Zaghaft klopfte es an der Zimmertür, ehe diese auch schon geöffnet wurde. Seulhye sprach kein Wort, sondern lief einfach still zum Bett, in dem der Feuerwehrmann unter einer dicken Decke eingewickelt lag. Er hatte versucht zu schlafen, aber es hatte nicht funktioniert. "Hey", hauchte sie leise, während sie dem erschöpften Mann über die leicht nassgeschwitzten Haare fuhr. "Konntest du schlafen?" "Mh mh." "Hm." Seulhye stand vorsichtig von der Bettkante auf, ehe sie zum Fenster lief und die Vorhänge vor dieses zog. Direkt danach stellte sie die Heizung ein wenig höher, da es fürchterlich kalt im Zimmer war. Immerhin schneite es draußen. "Hoseok kommt ein wenig später wieder. Es herrscht gerade ein größerer Einsatz. Ein Autounfall", sprach die Frau in die Stille des Raumes, um Jungkook vielleicht aufzumuntern. "Er hat sich morgen für dich freigenommen." Noch immer keine Regung von Jungkook, lediglich der starre und kühle Blick an die gegenüberliegende Wand blieb bestehen.

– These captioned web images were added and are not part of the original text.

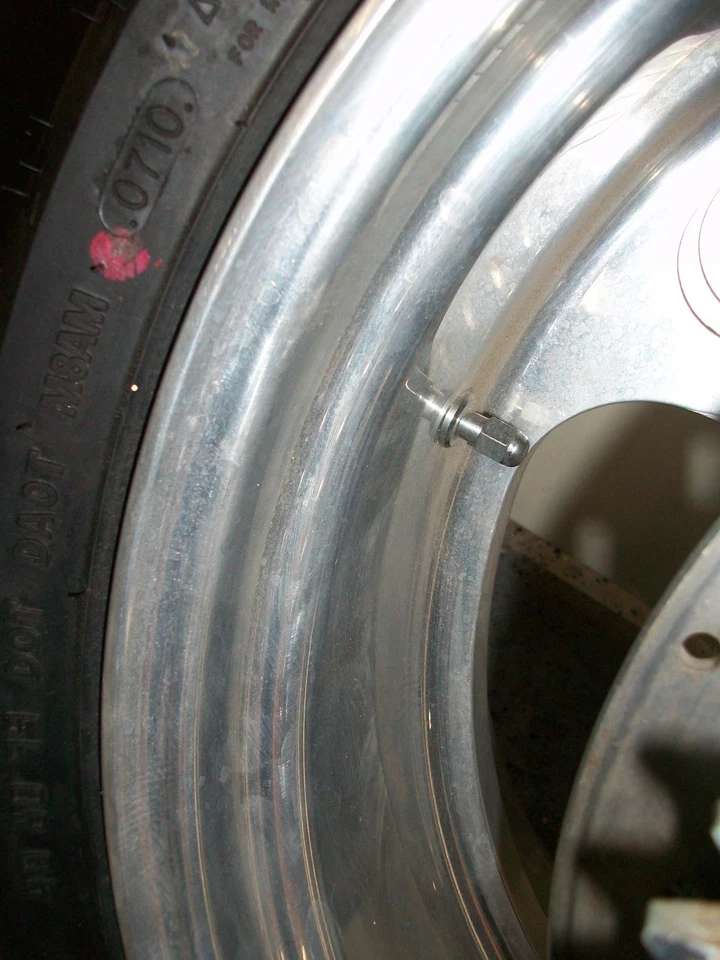 Xtreme Machine 18x8,5" Pulido Llanta Trasera Rueda Rotor Piñón Personalizado War Eagle Foto 4 de 4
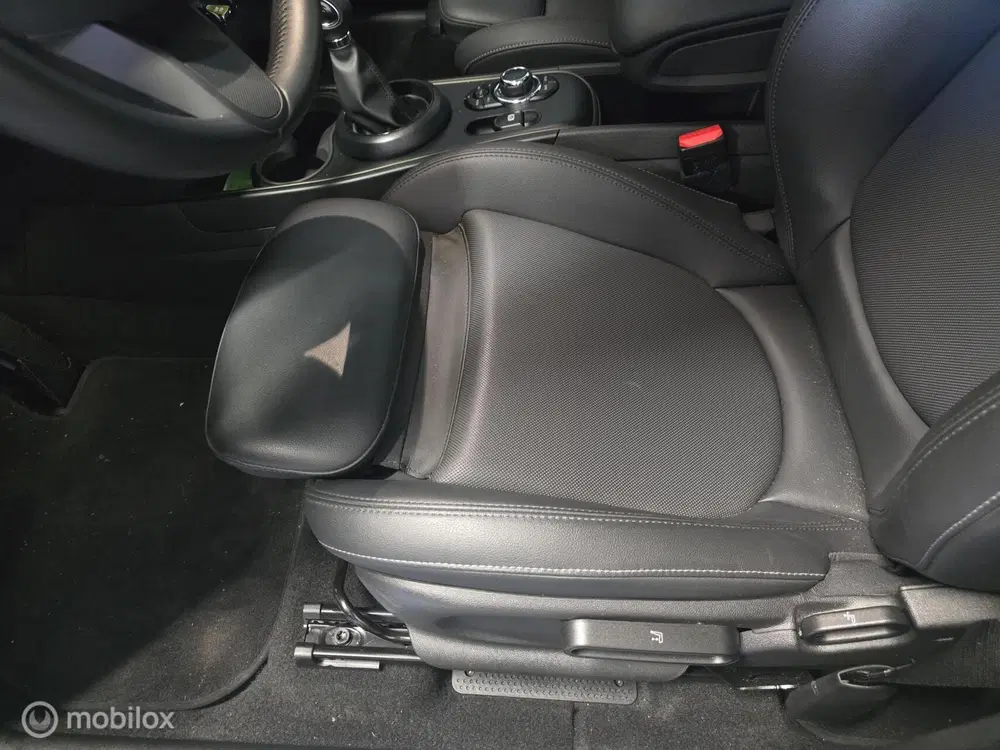 Mini Countryman 1.5 Cooper SE ALL4 pano uit 2022, foto 9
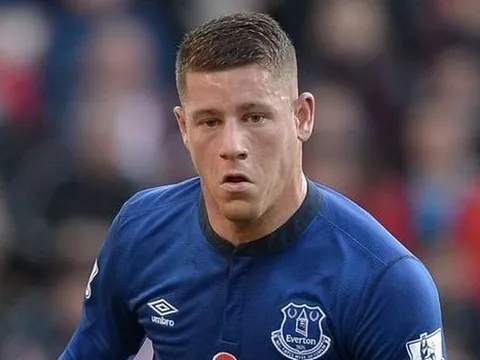Sao Everton bị đánh tơi tả trong hộp đêm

"Versuch doch bitte ein wenig zu schlafen. Klingt das nach einem Plan?" "Ich kann seit einem Jahr nicht schlafen." Seit Tagen hatte Jungkook einen vollständigen Satz hervorgebracht. Und deshalb schloss Seulhye seelenruhig die Zimmertür. "Ich versuche dir zu helfen. Darf ich mich zu dir legen?" "Mh. Mach, was du willst." Jungkook schien unfreundlich, aber die Altenpflegerin konnte ihn verstehen. Es war alles andere als leicht den Tod einer geliebten Person zu verarbeiten. Von geliebten Personen.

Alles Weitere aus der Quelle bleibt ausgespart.